Material for the task:
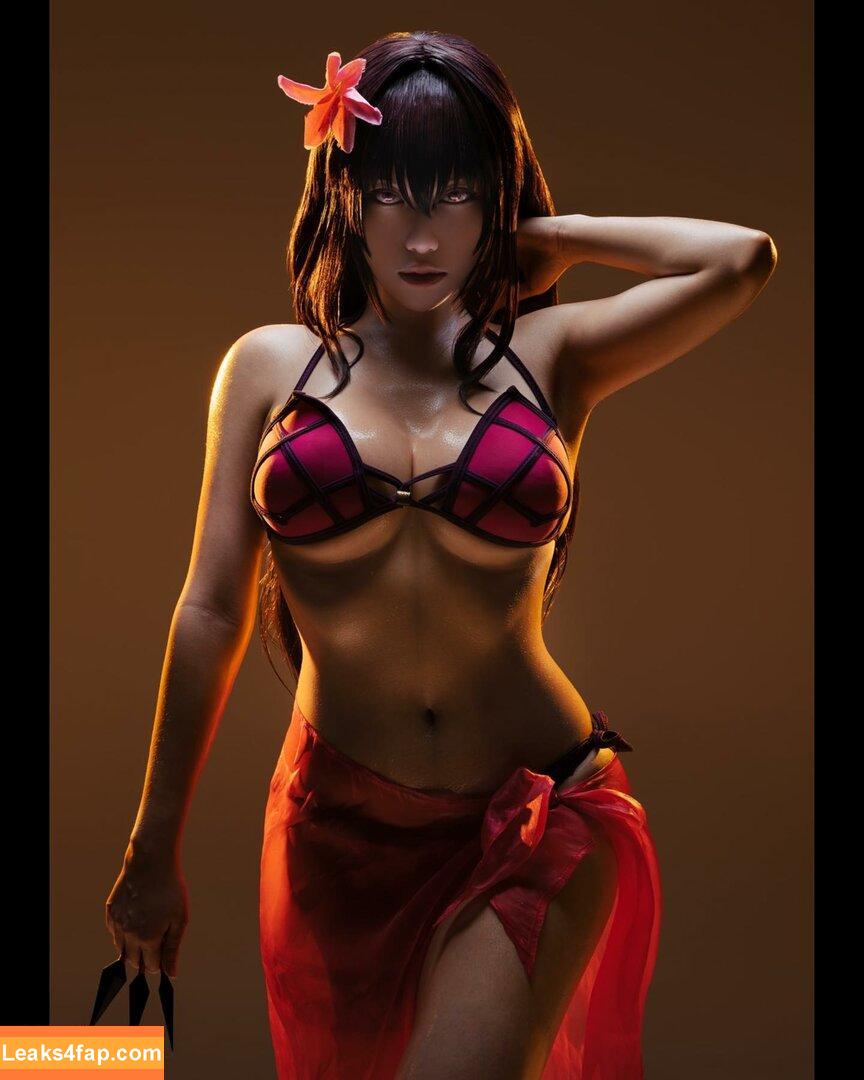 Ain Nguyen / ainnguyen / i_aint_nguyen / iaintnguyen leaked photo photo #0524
...
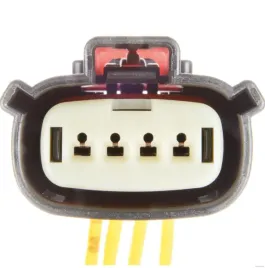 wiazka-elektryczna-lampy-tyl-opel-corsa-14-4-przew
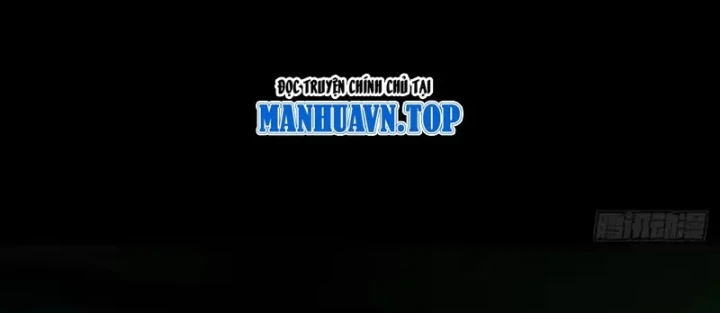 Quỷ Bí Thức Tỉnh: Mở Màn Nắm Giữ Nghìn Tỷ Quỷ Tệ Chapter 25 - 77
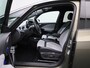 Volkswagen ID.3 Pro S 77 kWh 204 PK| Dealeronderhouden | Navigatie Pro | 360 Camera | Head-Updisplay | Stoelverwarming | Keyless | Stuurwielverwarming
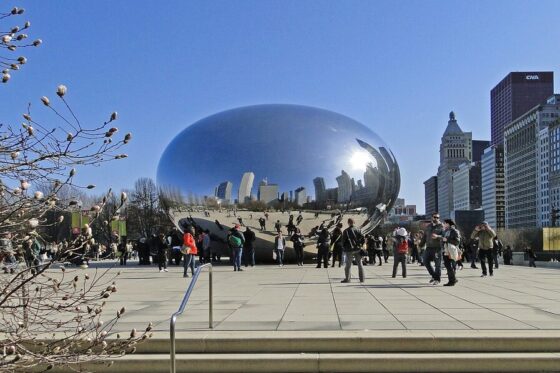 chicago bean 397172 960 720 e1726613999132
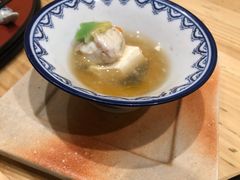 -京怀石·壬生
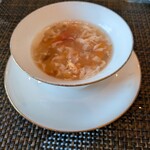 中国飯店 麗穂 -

Activity:
Give back exactly, and solely, the section of the data above bounded by the line containing "wiazka-elektryczna-lampy-tyl-opel-corsa-14-4-przew" and the line containing "Volkswagen ID.3 Pro", both bounding lines included and pictures omitted.

Solution:
 wiazka-elektryczna-lampy-tyl-opel-corsa-14-4-przew
 Quỷ Bí Thức Tỉnh: Mở Màn Nắm Giữ Nghìn Tỷ Quỷ Tệ Chapter 25 - 77
 Volkswagen ID.3 Pro S 77 kWh 204 PK| Dealeronderhouden | Navigatie Pro | 360 Camera | Head-Updisplay | Stoelverwarming | Keyless | Stuurwielverwarming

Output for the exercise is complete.